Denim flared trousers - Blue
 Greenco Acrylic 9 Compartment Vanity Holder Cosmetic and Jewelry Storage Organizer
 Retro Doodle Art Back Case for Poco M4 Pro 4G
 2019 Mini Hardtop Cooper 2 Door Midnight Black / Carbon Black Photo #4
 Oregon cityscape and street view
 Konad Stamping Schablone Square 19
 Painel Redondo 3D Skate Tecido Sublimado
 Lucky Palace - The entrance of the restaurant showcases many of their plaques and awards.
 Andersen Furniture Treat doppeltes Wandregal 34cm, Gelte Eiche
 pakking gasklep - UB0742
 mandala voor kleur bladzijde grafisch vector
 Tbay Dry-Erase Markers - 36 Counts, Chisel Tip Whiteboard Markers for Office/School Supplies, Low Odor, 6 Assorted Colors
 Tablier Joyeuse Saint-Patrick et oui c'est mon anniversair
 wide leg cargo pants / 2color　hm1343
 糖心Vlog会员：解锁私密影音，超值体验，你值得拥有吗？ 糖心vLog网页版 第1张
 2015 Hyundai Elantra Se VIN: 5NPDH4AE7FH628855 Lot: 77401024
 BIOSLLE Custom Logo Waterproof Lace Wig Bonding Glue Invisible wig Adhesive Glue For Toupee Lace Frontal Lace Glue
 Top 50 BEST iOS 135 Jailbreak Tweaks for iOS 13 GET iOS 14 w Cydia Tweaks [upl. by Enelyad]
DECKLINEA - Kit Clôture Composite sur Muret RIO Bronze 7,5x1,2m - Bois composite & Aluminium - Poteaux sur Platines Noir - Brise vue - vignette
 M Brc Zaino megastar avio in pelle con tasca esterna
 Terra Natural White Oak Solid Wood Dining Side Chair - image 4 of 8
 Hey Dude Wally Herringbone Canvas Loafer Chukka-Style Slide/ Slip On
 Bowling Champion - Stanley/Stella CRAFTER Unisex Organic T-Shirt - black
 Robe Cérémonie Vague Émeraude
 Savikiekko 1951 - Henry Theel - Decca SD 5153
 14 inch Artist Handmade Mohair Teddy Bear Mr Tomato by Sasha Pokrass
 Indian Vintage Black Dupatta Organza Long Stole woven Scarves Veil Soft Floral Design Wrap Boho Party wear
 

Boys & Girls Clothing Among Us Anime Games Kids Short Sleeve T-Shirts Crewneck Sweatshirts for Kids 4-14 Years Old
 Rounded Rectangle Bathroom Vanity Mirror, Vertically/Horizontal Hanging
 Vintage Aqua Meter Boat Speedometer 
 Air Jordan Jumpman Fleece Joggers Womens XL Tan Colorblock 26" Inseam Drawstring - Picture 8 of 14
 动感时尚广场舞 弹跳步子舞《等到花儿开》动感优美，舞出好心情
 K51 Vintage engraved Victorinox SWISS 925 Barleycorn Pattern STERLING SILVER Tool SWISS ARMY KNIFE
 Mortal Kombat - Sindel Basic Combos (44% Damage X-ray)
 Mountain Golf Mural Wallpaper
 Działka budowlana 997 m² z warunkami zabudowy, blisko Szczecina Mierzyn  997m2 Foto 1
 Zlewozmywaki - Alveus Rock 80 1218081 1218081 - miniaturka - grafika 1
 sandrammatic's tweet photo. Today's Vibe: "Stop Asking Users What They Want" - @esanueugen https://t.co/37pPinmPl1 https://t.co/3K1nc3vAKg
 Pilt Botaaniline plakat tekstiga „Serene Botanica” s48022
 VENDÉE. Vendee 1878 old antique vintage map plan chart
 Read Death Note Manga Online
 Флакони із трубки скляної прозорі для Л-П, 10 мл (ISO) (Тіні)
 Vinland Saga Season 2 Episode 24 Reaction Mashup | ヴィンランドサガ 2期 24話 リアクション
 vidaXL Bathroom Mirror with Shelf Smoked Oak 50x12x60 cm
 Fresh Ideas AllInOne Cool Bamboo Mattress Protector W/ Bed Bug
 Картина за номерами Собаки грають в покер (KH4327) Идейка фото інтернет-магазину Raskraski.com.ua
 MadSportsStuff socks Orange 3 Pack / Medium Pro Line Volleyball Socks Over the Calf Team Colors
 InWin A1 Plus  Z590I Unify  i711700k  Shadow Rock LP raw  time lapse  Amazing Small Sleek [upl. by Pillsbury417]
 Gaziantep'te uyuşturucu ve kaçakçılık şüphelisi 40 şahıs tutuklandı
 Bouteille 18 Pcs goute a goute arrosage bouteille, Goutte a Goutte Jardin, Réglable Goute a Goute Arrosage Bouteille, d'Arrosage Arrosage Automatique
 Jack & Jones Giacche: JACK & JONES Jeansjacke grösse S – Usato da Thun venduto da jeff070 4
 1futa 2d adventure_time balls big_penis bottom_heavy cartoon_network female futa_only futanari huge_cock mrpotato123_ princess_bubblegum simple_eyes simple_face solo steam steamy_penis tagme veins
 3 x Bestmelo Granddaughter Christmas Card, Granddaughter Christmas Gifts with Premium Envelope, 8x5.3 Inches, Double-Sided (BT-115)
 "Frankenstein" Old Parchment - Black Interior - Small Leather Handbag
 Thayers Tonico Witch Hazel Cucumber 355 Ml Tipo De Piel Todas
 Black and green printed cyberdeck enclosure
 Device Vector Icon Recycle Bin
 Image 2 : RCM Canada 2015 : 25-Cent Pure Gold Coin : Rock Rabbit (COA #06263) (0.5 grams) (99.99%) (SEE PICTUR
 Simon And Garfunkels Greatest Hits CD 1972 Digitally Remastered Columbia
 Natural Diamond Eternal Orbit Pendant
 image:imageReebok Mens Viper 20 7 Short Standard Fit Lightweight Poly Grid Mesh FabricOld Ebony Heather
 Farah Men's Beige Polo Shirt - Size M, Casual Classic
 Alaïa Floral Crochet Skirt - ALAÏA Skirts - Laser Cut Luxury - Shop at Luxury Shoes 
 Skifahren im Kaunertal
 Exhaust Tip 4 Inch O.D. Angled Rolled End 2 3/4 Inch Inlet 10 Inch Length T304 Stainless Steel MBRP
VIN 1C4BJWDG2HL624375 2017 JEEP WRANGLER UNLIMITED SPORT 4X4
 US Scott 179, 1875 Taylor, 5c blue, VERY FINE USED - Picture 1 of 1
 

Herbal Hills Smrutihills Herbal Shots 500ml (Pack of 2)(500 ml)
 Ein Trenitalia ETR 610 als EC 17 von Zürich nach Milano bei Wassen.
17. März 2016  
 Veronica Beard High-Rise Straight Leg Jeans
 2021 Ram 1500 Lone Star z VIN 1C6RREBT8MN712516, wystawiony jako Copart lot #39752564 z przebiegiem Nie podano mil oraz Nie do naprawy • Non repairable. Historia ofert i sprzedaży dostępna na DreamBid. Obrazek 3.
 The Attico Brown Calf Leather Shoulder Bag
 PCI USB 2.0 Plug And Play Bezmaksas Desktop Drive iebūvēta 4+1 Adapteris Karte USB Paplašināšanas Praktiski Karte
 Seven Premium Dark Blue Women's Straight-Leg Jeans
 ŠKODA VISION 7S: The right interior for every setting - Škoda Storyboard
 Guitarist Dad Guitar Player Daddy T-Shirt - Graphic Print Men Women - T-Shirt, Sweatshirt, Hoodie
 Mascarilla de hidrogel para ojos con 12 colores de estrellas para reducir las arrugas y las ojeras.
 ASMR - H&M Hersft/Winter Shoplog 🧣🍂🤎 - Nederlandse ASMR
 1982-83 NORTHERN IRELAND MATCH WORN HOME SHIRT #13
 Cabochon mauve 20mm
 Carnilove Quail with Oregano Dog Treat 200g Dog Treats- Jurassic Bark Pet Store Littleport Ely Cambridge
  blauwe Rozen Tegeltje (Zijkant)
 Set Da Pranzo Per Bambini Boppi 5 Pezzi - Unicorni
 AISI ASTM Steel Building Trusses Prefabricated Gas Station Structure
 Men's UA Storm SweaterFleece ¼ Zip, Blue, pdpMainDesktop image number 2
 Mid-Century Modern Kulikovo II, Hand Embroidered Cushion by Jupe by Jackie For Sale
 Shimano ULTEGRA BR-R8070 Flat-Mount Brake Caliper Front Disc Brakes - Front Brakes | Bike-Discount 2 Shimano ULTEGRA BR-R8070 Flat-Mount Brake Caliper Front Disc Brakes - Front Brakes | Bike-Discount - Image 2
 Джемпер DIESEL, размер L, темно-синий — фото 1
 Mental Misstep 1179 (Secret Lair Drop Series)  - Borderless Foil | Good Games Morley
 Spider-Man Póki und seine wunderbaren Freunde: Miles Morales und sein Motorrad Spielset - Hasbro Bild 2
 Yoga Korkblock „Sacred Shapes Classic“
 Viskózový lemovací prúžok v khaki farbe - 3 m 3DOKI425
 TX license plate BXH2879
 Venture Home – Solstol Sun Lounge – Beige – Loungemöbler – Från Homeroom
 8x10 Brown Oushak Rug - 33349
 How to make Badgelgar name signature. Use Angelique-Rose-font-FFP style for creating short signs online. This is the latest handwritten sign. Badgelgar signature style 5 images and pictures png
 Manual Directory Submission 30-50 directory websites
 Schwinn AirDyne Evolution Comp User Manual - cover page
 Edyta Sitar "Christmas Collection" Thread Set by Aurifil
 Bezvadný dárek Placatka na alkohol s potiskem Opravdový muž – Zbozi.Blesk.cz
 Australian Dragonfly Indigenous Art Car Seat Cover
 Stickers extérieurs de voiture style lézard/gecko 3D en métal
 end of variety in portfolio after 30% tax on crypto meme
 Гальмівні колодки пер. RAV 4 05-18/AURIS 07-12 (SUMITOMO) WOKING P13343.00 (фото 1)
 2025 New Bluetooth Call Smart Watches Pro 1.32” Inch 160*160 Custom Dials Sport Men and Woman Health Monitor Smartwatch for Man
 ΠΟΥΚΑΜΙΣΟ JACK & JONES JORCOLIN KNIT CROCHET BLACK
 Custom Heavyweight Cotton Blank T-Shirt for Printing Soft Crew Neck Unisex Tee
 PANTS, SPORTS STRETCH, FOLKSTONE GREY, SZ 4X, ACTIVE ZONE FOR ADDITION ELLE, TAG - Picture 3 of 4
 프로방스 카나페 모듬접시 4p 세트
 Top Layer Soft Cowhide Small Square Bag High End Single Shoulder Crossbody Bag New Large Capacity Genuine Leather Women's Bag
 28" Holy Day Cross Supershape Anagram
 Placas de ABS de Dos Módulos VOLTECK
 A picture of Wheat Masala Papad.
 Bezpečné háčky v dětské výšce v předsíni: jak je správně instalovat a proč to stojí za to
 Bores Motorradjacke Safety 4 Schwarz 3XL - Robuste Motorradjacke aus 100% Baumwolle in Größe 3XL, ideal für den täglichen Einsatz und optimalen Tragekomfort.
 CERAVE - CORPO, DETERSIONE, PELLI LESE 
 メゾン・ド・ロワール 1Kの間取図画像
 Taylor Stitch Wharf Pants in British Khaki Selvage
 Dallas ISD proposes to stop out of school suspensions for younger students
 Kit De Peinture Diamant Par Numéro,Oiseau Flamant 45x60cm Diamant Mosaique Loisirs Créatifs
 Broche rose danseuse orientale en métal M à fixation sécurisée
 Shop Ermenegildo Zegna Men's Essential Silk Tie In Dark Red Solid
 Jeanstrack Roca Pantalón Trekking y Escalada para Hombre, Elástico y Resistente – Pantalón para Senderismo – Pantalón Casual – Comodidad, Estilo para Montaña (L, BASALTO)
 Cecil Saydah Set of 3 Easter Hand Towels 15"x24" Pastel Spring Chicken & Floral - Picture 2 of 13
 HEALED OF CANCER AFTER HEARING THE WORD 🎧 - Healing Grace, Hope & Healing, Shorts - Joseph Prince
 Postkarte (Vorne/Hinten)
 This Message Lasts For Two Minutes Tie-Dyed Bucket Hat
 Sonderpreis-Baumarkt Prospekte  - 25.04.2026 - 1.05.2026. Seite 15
- - -
*Exercise*. Produce a word-for-word copy of everything above from the line holding "Painel Redondo 3D Skate Tecido Sublimado" down to the line holding "Savikiekko 1951 - Henry", with both of those lines kept.

*Solution to the problem*.
 Painel Redondo 3D Skate Tecido Sublimado
 Lucky Palace - The entrance of the restaurant showcases many of their plaques and awards.
 Andersen Furniture Treat doppeltes Wandregal 34cm, Gelte Eiche
 pakking gasklep - UB0742
 mandala voor kleur bladzijde grafisch vector
 Tbay Dry-Erase Markers - 36 Counts, Chisel Tip Whiteboard Markers for Office/School Supplies, Low Odor, 6 Assorted Colors
 Tablier Joyeuse Saint-Patrick et oui c'est mon anniversair
 wide leg cargo pants / 2color　hm1343
 糖心Vlog会员：解锁私密影音，超值体验，你值得拥有吗？ 糖心vLog网页版 第1张
 2015 Hyundai Elantra Se VIN: 5NPDH4AE7FH628855 Lot: 77401024
 BIOSLLE Custom Logo Waterproof Lace Wig Bonding Glue Invisible wig Adhesive Glue For Toupee Lace Frontal Lace Glue
 Top 50 BEST iOS 135 Jailbreak Tweaks for iOS 13 GET iOS 14 w Cydia Tweaks [upl. by Enelyad]
DECKLINEA - Kit Clôture Composite sur Muret RIO Bronze 7,5x1,2m - Bois composite & Aluminium - Poteaux sur Platines Noir - Brise vue - vignette
 M Brc Zaino megastar avio in pelle con tasca esterna
 Terra Natural White Oak Solid Wood Dining Side Chair - image 4 of 8
 Hey Dude Wally Herringbone Canvas Loafer Chukka-Style Slide/ Slip On
 Bowling Champion - Stanley/Stella CRAFTER Unisex Organic T-Shirt - black
 Robe Cérémonie Vague Émeraude
 Savikiekko 1951 - Henry Theel - Decca SD 5153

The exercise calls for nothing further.